Exercise data:
►
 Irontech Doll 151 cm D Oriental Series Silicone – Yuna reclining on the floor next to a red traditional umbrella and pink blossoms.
◄
►
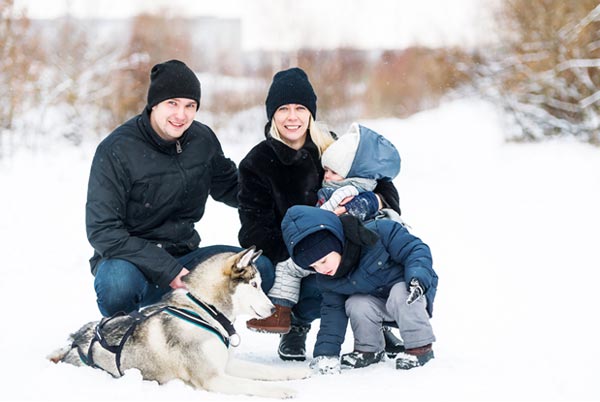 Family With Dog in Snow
◄
►
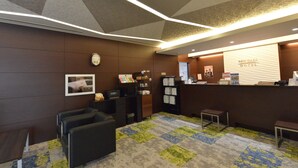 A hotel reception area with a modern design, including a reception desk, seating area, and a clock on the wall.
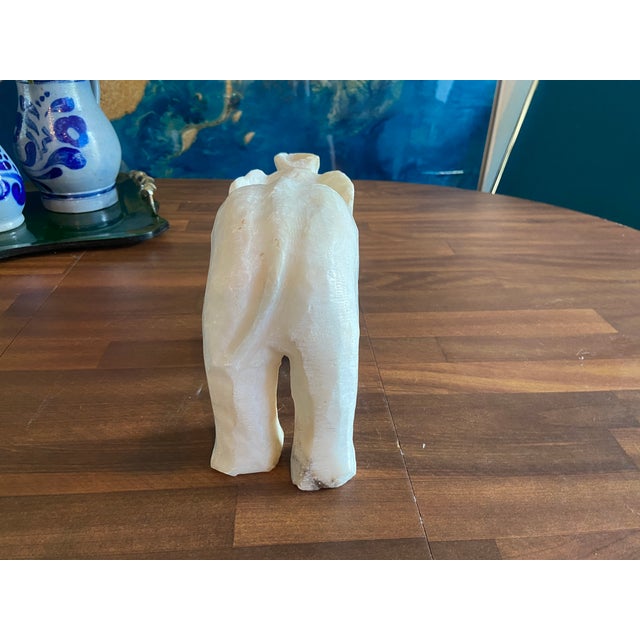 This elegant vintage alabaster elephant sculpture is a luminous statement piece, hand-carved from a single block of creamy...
◄
The task:
Within the data above, repeat exactly the lines from the one bearing "A hotel reception" through the one bearing "This elegant vintage". Include no pictures and nothing else.

Written response:
 A hotel reception area with a modern design, including a reception desk, seating area, and a clock on the wall.
 This elegant vintage alabaster elephant sculpture is a luminous statement piece, hand-carved from a single block of creamy...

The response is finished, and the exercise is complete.